Military Appeals Court
Overturns Sodomy Conviction
Advocate, December 9, 2004
In a decision that gay
rights activists are hailing as an important legal victory, a military appeals
court on Tuesday overturned the conviction of a soldier for having consensual
sodomy with a woman while in the Army. Some are arguing that the ruling could
undercut the military’s antigay “don’t ask, don’t tell” policy.

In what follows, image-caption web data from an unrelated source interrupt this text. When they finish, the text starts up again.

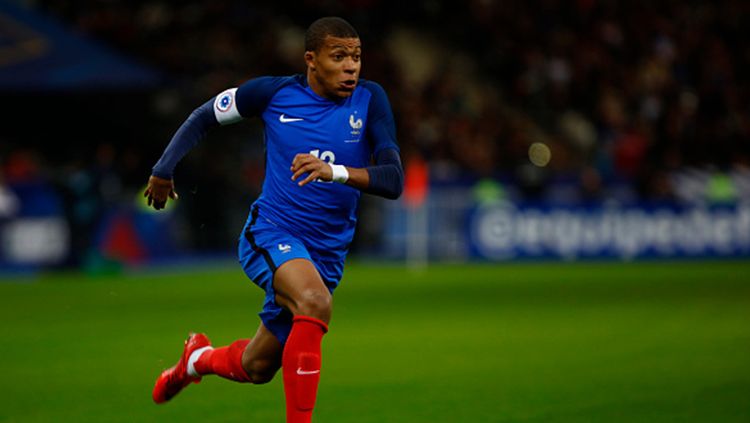 Kylian Mbappe saat memperkuat Timnas Prancis. Copyright: © Getty Images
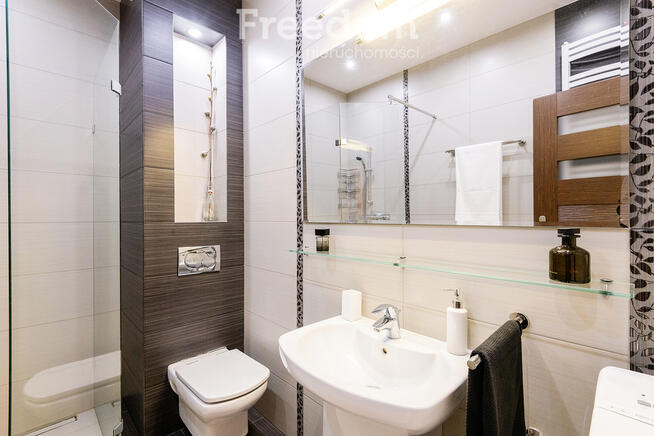 Apartament z widokiem na jezioro Jeziorak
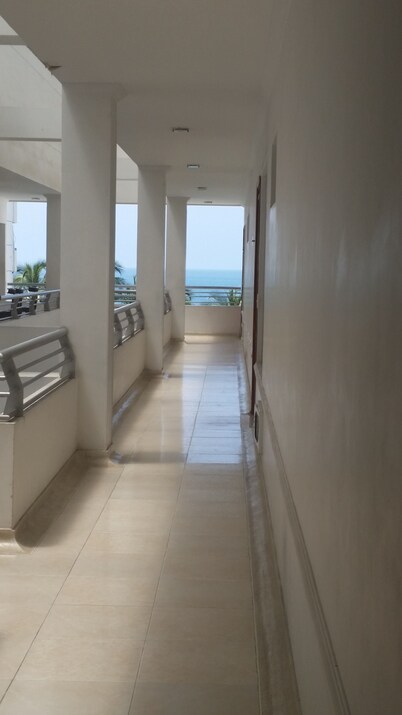 Edificio Cristal Caribbean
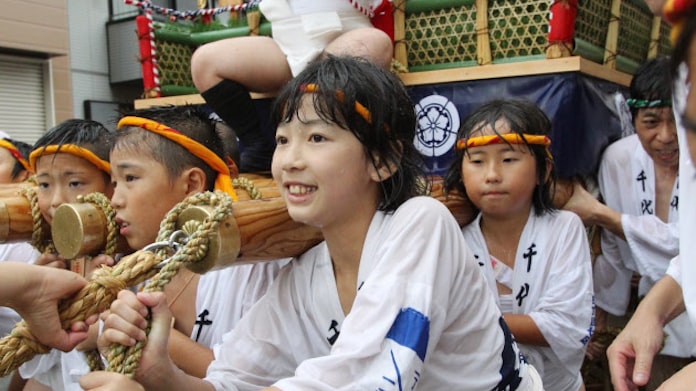 女人禁制の神事に変化 博多祇園山笠 日本経済新聞 女人禁制の神事に変化 博多祇園山笠 日本経済新聞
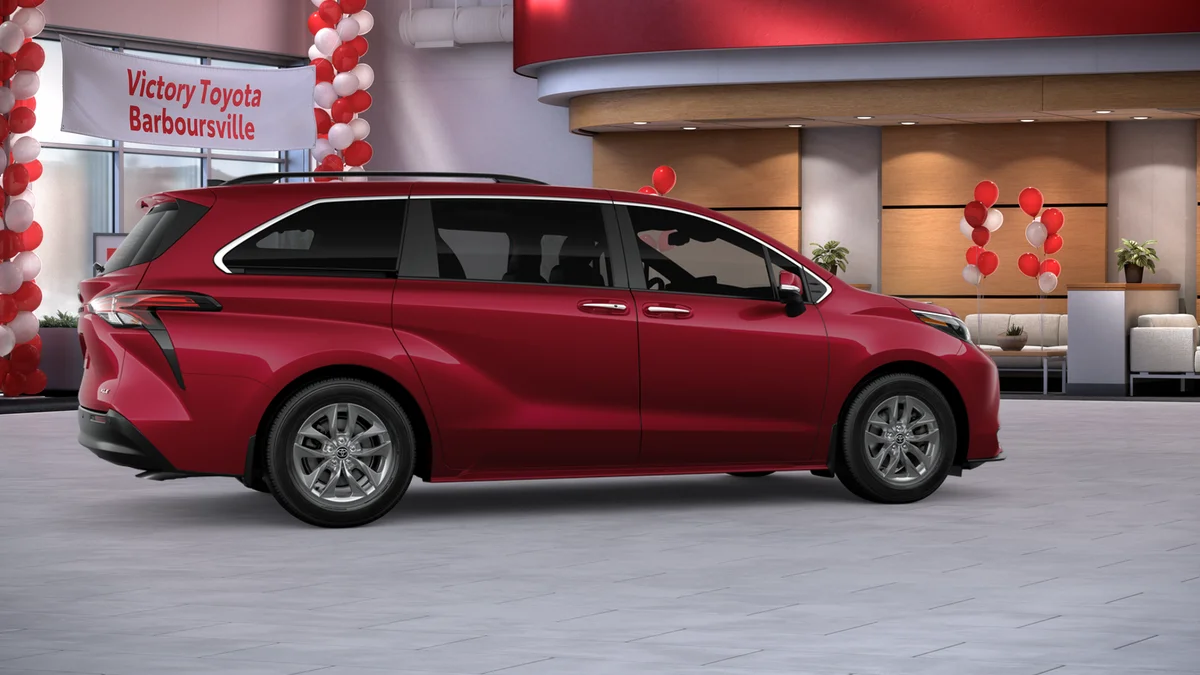 New 2026 Ruby Flare Pearl Toyota XLE image 31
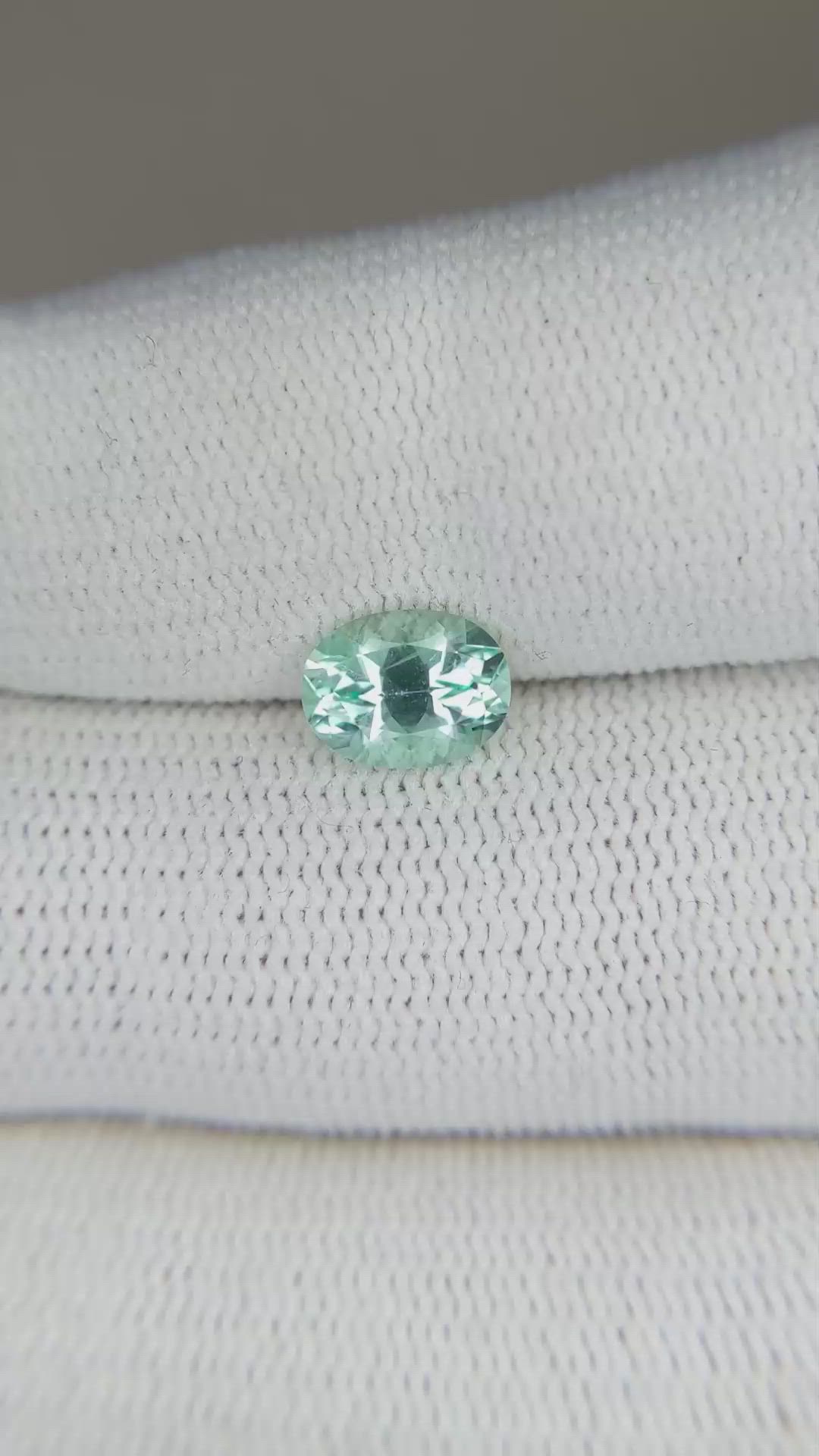 1.03 Ct. Emerald from Russia Size Video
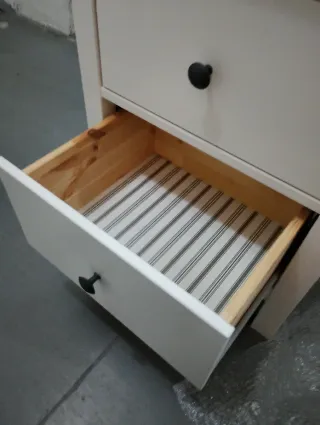 Mesita de noche Ikea Hemnes blanca 54x66cm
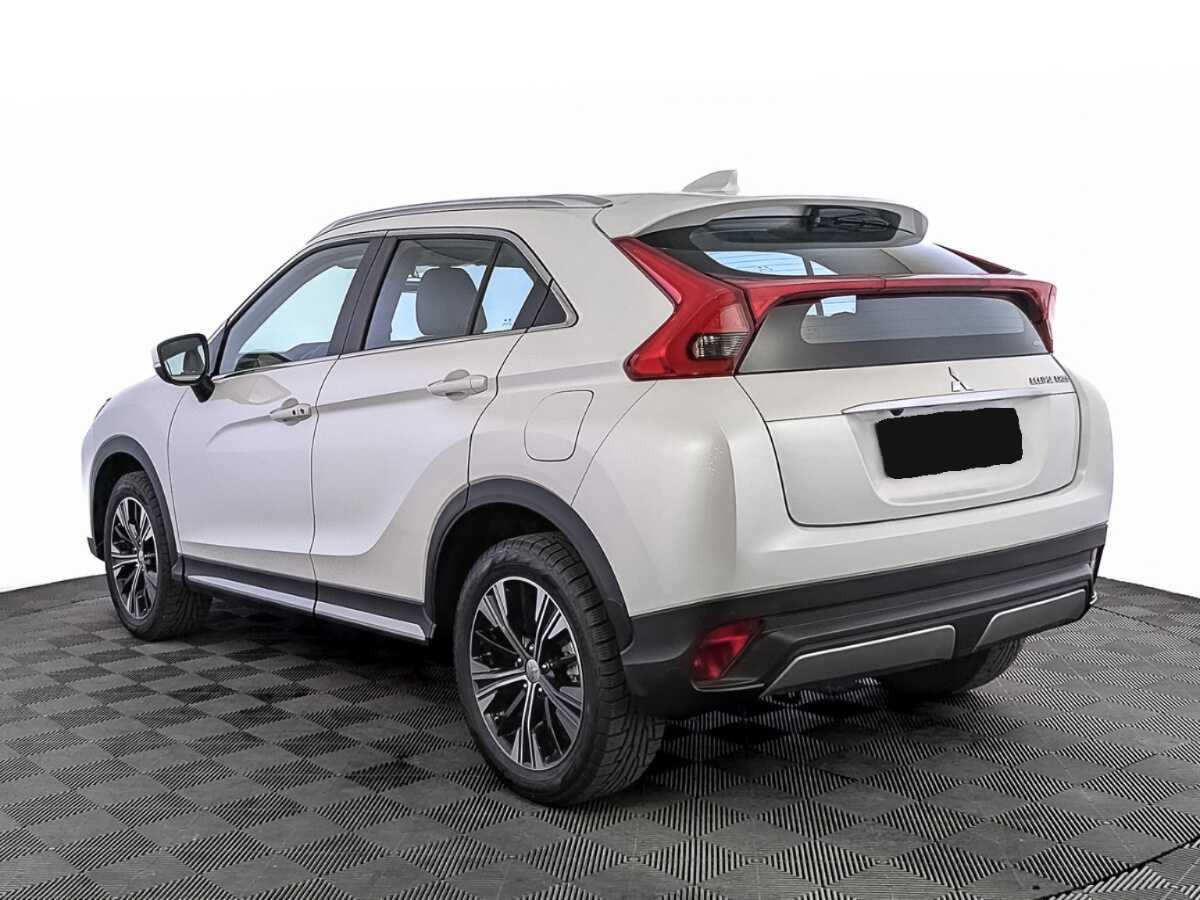 Mitsubishi Eclipse Cross с пробегом — 2022 год. Фото: #6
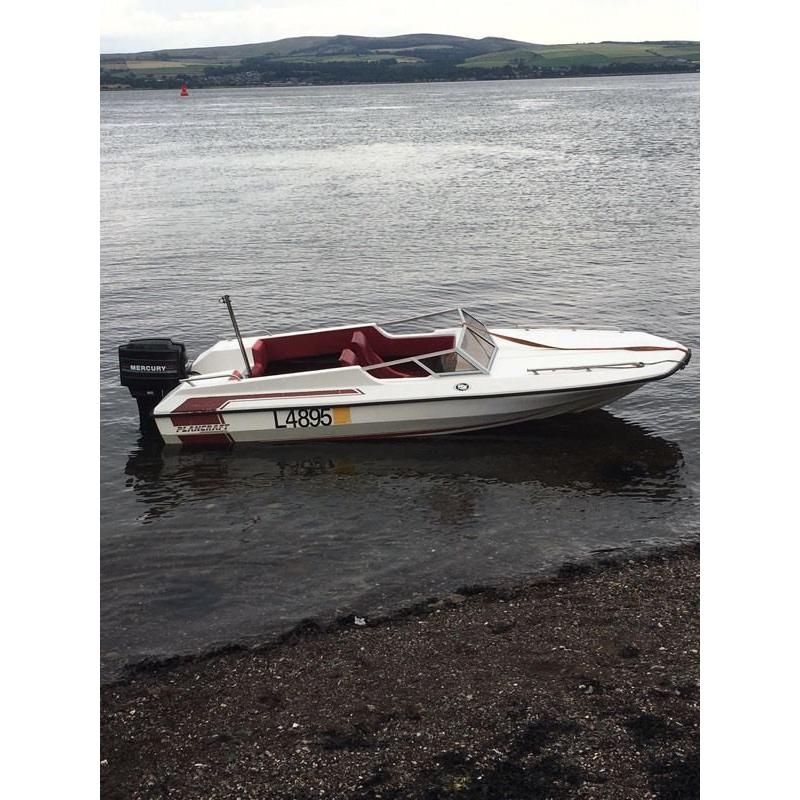 Speed boat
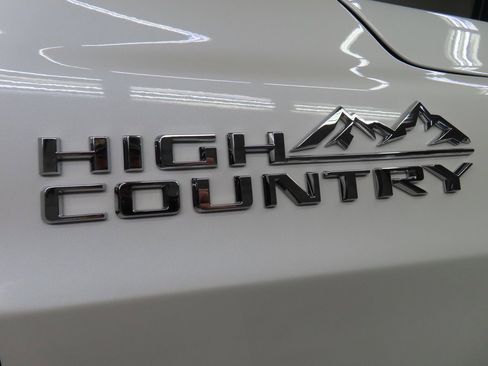 Used 2024 Chevrolet Suburban High Country image 54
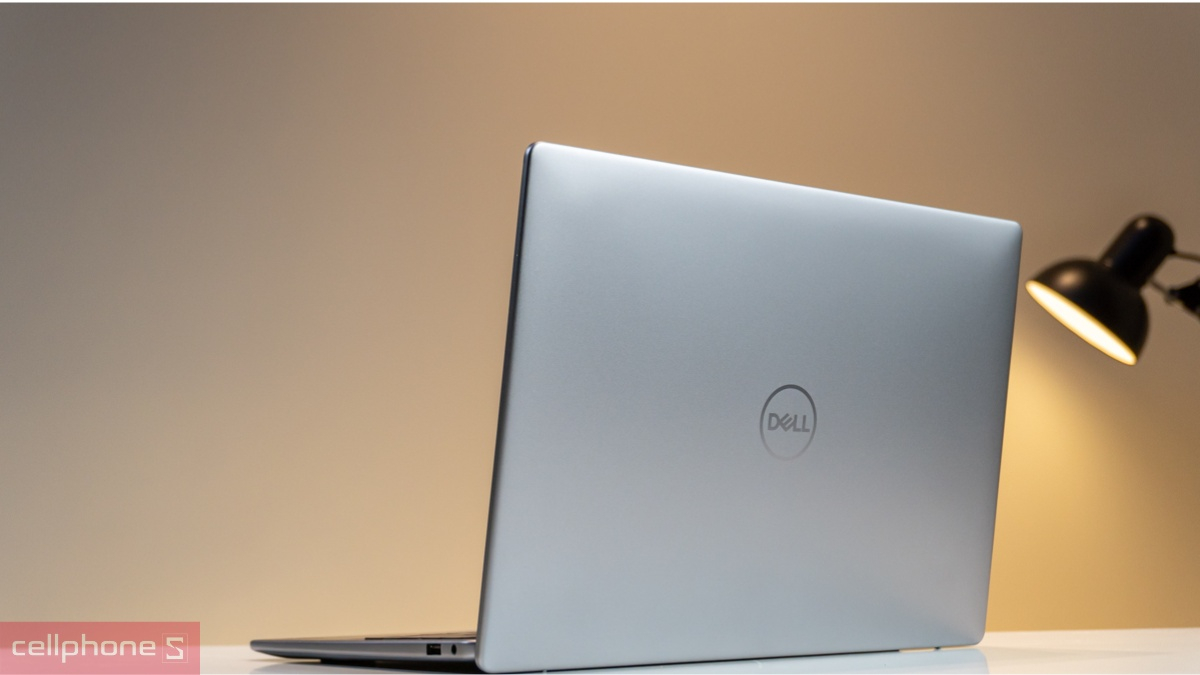 Dell Inspiron cũ đã kích hoạt có vẻ ngoài gần như mới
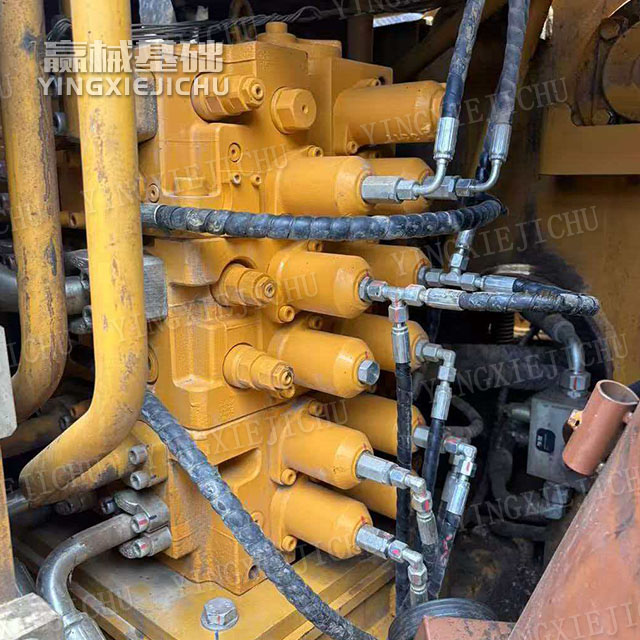 Wide construction scope Dynamic stability Stable hole-forming quality SR405 Rotary drill rig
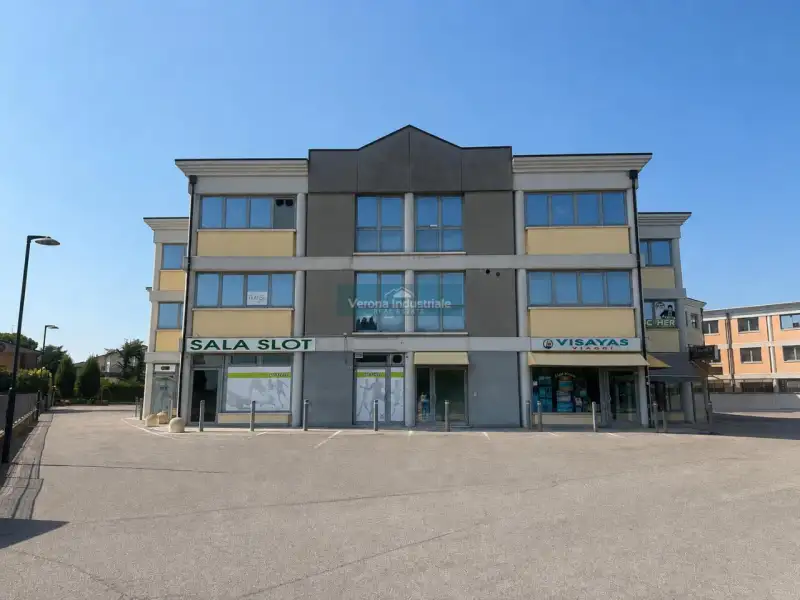 Büro zu verkaufen in Vigasio, Vigasio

According to a report in The
Washington Post, the previously unreported decision, handed down last
week by the U.S. Army Court of Criminal Appeals, builds on a landmark Supreme
Court ruling last year that struck down a Texas sodomy statute. It is believed
to be the first time that a military court has upheld the right of consenting
adults to engage in oral sex in private. “It undercuts the premise of
‘don’t ask, don’t tell,’” said Washington lawyer David Sheldon, who
represents several soldiers fighting their dismissal from the armed forces
because of gay sex.
According to the Post, last week’s court decision
involved a male Army specialist who was convicted of engaging in oral sex with
a female civilian in a military barracks. Kenneth Bullock was charged under
Article 125 of the Uniform Code of Military Justice, which prohibits
“unnatural carnal copulation with another person of the same or opposite sex
or with an animal.” Although the case involved a man and a woman, legal
experts said the principles invoked by the three military judges were equally
applicable to gay sex.
The constitutionality of Article 125 has come under
assault as a result of last year’s Supreme Court decision in Lawrence
v. Texas, which upheld the notion of a “zone of privacy” for
sexual relationships involving consenting adults. This decision means that
“even in the military, you have a zone of privacy and can engage in sexual
acts in private that used to be considered criminal,” Patricia M. Logue,
senior counsel for Lambda Legal, which is seeking to overturn antigay military
statutes, told the Post.
Some legal experts have said the Pentagon could appeal
the decision to the U.S. Court of Appeals for the Armed Forces or to the
Supreme Court on the grounds that the military is a special institution with
its own disciplinary procedures.
Gay rights activists have challenged the Pentagon’s gay
ban and have enjoyed some preliminary successes. On Monday a dozen former
armed forces members discharged for being gay or lesbian filed suit in federal
court in Boston, challenging the constitutionality of “don’t ask, don’t
tell.” They argued that the military sodomy statute conflicted with the Lawrence
v. Texas decision. Last week, the U.S. court of appeals for the third
circuit in Philadelphia ruled that law schools have a right to bar military
recruiters from their campuses as a way of protesting the Pentagon policy on
gays. The three-judge panel struck down a congressional amendment that
permitted the government to withhold federal money from educational
institutions that refuse to cooperate with military recruiters.